Records drawn from a dataset:

================================

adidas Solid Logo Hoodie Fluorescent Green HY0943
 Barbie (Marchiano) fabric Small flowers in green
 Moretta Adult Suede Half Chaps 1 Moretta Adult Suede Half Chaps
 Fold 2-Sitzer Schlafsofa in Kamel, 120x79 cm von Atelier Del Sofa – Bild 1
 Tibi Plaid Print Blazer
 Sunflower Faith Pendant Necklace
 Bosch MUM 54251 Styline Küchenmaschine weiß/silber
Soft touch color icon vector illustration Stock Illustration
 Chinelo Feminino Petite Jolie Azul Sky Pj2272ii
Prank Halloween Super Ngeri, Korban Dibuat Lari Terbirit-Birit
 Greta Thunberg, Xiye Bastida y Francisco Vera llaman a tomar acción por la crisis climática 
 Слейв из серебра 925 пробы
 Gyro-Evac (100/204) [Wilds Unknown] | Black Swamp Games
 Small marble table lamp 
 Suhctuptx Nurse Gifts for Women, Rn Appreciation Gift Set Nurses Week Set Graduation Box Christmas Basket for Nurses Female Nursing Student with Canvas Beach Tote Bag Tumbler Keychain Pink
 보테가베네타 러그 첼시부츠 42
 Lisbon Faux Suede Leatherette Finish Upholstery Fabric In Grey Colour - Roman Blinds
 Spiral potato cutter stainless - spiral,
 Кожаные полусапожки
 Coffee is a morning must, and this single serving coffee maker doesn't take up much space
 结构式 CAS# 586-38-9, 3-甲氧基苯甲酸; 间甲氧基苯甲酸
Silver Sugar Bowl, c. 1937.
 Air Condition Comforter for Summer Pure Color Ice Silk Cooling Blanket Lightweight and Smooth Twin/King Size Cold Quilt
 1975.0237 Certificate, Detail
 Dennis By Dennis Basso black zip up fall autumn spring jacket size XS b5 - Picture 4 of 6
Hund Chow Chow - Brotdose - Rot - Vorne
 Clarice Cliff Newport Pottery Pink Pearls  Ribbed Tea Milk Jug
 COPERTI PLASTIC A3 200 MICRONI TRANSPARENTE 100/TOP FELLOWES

================================

The problem: The response must consist solely of the lines from the first line of the entries through the line containing "Tibi Plaid Print Blazer", repeated exactly.

Solution to this problem:
adidas Solid Logo Hoodie Fluorescent Green HY0943
 Barbie (Marchiano) fabric Small flowers in green
 Moretta Adult Suede Half Chaps 1 Moretta Adult Suede Half Chaps
 Fold 2-Sitzer Schlafsofa in Kamel, 120x79 cm von Atelier Del Sofa – Bild 1
 Tibi Plaid Print Blazer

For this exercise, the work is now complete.